WORK TASK:
Exactly the lines below from the one with "Bed, Bedroom" up to and including the one with "2024 Mitsubishi Outlander LS" make up the answer, with nothing else added.

DATASET ENTRIES:
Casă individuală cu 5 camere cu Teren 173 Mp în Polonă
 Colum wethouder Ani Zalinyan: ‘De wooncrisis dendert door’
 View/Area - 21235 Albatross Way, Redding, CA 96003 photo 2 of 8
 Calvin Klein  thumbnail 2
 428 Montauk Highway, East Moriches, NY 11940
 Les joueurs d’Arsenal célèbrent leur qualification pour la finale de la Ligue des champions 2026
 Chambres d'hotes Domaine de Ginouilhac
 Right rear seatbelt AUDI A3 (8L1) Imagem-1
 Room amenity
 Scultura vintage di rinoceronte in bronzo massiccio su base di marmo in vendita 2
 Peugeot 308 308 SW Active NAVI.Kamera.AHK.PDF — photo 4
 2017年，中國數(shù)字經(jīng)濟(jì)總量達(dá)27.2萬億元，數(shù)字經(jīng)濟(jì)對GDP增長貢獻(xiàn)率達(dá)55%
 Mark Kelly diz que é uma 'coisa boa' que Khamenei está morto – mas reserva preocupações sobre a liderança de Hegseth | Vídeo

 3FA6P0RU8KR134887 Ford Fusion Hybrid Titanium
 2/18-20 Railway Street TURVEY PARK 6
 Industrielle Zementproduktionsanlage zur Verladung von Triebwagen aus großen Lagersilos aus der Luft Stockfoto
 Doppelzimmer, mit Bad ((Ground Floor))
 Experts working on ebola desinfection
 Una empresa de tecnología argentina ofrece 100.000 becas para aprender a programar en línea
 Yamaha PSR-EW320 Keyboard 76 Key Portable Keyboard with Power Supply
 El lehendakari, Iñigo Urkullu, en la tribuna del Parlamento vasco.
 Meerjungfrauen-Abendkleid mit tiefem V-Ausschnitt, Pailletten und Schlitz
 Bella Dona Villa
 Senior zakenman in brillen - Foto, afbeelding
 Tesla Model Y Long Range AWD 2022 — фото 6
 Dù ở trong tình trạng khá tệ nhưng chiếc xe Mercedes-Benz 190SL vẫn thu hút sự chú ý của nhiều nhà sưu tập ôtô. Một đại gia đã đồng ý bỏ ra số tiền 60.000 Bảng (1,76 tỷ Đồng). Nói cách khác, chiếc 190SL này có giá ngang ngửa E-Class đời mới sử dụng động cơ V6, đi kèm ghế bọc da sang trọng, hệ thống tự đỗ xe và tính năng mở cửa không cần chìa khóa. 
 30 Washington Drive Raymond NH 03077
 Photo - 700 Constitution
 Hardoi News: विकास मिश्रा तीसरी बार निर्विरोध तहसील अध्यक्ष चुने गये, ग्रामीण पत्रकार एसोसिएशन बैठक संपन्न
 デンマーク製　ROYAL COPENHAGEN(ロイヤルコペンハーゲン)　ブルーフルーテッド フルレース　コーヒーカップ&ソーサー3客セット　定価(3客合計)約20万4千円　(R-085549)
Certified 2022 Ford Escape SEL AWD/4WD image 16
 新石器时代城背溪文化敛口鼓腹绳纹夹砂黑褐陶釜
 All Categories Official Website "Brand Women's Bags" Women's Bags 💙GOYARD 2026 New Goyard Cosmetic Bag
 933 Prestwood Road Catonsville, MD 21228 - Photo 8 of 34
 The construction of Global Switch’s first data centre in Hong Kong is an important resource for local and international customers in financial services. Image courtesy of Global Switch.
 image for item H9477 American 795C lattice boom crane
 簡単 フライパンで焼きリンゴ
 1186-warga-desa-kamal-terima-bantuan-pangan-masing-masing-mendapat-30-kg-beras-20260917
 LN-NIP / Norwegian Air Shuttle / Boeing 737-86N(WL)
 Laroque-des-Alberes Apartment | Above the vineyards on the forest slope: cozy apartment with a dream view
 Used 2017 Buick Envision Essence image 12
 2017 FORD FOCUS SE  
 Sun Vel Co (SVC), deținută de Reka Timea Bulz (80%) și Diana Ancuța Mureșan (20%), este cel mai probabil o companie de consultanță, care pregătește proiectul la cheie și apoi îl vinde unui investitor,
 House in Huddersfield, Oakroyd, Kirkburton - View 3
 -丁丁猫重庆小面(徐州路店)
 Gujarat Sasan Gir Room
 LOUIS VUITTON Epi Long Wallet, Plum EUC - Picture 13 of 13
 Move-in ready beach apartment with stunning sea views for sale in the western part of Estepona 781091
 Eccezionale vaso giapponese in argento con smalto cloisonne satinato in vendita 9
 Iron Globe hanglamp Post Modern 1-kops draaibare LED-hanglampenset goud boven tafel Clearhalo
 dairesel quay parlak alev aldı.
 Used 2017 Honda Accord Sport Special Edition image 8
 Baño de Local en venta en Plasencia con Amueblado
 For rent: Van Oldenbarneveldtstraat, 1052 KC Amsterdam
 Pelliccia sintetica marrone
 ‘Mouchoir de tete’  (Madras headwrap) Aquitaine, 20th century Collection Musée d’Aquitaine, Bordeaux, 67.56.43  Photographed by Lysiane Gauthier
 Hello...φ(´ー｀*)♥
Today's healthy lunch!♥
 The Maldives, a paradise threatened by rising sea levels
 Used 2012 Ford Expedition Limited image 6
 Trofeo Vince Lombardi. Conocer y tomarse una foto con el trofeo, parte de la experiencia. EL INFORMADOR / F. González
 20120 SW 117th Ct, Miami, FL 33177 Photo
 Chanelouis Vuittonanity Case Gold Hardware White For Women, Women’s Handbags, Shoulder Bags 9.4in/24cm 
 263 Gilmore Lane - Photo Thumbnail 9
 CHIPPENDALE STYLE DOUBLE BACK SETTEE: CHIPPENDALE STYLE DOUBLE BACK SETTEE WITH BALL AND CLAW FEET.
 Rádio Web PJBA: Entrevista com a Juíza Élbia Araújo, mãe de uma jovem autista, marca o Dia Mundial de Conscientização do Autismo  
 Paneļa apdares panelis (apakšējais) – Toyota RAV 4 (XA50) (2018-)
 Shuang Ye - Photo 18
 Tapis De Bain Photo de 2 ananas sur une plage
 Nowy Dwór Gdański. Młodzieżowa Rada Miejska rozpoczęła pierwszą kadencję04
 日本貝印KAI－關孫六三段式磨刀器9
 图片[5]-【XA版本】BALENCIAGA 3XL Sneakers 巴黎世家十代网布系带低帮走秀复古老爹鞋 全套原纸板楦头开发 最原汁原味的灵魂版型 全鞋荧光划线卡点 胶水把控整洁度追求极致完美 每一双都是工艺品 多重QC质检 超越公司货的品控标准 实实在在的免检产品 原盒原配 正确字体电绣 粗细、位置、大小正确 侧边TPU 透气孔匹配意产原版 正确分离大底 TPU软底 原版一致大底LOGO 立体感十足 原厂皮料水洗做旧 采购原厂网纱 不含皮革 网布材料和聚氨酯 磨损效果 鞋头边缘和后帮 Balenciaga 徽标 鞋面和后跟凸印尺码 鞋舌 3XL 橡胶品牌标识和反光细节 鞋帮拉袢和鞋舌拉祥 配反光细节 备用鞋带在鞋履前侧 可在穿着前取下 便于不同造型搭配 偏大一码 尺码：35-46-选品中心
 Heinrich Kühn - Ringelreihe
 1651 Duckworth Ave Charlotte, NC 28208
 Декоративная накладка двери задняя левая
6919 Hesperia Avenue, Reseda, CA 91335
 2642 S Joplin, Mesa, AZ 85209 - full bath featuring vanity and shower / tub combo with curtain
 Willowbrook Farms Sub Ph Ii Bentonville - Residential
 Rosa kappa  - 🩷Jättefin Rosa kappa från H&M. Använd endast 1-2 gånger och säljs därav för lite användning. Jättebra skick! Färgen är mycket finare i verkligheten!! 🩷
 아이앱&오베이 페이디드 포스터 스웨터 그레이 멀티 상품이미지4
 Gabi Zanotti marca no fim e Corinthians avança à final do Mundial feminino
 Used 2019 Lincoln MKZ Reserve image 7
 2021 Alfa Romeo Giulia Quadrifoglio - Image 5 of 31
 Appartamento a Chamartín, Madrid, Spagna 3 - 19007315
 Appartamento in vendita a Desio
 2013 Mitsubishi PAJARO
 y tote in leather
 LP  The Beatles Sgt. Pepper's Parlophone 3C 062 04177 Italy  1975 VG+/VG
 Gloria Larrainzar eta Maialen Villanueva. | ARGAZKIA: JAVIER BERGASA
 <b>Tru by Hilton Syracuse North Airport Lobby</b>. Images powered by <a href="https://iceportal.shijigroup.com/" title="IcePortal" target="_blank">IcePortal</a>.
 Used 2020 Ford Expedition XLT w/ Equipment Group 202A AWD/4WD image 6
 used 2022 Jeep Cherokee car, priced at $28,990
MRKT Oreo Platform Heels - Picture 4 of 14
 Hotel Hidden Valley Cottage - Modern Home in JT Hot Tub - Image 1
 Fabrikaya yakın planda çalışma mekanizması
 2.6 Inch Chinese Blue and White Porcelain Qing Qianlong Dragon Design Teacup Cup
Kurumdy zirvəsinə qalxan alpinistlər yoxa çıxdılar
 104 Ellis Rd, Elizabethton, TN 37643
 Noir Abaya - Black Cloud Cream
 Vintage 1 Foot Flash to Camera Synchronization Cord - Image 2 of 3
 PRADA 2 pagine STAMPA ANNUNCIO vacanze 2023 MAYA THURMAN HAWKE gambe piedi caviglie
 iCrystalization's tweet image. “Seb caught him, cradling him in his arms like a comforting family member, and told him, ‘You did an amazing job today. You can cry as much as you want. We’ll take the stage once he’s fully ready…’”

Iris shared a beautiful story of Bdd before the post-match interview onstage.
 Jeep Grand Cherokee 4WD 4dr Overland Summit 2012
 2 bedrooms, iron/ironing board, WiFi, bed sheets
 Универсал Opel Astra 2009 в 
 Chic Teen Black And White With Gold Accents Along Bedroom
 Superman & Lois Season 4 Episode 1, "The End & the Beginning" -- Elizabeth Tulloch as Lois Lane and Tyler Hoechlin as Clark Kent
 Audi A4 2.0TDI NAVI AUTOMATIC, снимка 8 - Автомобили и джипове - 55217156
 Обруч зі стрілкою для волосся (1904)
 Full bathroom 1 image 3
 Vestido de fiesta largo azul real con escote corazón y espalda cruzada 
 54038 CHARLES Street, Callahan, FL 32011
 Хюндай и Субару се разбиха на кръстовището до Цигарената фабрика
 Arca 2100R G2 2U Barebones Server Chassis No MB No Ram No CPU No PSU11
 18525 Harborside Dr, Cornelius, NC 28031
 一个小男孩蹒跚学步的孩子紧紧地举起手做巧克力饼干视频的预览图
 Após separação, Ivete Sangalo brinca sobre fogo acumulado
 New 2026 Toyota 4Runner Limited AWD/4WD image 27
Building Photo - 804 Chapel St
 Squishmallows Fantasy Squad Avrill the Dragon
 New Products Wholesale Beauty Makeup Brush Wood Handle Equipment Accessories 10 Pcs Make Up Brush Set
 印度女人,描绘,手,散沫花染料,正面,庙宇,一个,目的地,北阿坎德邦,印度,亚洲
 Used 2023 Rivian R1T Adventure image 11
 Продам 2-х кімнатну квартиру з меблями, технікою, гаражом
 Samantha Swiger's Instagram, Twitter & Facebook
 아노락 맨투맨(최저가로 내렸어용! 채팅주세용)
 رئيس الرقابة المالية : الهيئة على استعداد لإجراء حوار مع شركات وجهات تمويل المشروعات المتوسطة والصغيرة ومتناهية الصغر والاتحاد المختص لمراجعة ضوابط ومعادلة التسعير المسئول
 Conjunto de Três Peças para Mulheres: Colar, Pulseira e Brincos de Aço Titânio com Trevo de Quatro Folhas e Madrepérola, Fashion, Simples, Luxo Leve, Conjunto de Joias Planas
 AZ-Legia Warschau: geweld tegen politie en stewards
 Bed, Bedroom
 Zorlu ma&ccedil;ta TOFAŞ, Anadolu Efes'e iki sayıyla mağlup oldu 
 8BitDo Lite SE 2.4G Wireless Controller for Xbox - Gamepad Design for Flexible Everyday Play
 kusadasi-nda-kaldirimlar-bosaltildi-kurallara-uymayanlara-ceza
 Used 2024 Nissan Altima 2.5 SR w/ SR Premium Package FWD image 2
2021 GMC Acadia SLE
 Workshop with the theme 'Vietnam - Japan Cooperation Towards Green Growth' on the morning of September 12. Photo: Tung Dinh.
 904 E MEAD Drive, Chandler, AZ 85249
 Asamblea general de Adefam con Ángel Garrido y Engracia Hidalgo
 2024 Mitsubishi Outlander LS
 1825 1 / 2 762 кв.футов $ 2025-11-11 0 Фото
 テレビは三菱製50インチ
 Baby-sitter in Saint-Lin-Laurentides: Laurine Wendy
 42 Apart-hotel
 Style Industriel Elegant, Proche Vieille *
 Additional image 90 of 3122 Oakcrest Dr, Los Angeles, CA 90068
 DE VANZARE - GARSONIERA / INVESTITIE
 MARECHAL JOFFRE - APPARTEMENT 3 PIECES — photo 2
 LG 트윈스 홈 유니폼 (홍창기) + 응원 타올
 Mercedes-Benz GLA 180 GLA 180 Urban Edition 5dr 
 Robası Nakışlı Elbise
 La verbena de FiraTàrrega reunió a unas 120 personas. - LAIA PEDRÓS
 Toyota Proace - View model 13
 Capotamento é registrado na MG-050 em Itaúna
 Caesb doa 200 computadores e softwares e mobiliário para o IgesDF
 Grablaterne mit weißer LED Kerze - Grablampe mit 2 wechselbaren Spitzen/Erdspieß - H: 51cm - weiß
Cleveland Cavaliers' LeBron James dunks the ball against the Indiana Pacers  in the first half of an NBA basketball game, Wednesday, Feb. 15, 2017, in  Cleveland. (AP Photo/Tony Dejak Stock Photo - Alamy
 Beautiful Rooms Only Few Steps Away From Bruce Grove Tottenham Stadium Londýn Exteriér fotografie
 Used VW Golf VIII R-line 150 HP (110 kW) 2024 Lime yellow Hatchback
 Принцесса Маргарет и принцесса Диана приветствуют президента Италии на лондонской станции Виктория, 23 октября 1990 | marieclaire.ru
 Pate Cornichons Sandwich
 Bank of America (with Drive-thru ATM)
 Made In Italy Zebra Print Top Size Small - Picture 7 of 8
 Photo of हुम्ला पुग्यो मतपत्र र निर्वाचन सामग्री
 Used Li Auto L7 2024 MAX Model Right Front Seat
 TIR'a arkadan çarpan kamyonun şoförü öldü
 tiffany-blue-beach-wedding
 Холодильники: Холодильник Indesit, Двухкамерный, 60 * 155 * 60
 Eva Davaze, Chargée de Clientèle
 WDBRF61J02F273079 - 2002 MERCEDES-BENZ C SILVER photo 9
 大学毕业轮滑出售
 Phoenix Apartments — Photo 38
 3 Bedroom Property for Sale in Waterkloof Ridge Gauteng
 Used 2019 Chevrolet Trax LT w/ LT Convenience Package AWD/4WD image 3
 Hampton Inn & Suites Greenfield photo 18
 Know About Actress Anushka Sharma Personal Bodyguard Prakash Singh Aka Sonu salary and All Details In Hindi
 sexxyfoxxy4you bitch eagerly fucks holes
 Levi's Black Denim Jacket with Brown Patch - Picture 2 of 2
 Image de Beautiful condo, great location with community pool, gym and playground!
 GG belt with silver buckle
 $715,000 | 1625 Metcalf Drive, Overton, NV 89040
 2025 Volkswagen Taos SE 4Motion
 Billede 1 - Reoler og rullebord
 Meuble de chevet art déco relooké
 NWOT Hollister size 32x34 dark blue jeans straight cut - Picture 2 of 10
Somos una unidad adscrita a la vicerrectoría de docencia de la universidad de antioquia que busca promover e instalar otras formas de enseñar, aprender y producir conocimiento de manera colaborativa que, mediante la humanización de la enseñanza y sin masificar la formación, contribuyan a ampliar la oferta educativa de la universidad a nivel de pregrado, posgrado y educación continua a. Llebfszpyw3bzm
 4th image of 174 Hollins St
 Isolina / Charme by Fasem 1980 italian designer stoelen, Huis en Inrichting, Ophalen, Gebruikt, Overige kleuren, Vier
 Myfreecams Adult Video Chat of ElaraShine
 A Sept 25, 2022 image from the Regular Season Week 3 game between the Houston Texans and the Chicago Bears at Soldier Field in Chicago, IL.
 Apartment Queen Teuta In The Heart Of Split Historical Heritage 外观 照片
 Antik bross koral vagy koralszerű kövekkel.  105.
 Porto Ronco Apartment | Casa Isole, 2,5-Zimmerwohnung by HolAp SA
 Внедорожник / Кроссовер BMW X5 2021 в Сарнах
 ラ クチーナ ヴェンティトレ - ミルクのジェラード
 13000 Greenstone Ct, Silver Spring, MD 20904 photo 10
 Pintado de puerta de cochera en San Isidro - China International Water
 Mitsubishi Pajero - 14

WRITTEN ANSWER:
 Bed, Bedroom
 Zorlu ma&ccedil;ta TOFAŞ, Anadolu Efes'e iki sayıyla mağlup oldu 
 8BitDo Lite SE 2.4G Wireless Controller for Xbox - Gamepad Design for Flexible Everyday Play
 kusadasi-nda-kaldirimlar-bosaltildi-kurallara-uymayanlara-ceza
 Used 2024 Nissan Altima 2.5 SR w/ SR Premium Package FWD image 2
2021 GMC Acadia SLE
 Workshop with the theme 'Vietnam - Japan Cooperation Towards Green Growth' on the morning of September 12. Photo: Tung Dinh.
 904 E MEAD Drive, Chandler, AZ 85249
 Asamblea general de Adefam con Ángel Garrido y Engracia Hidalgo
 2024 Mitsubishi Outlander LS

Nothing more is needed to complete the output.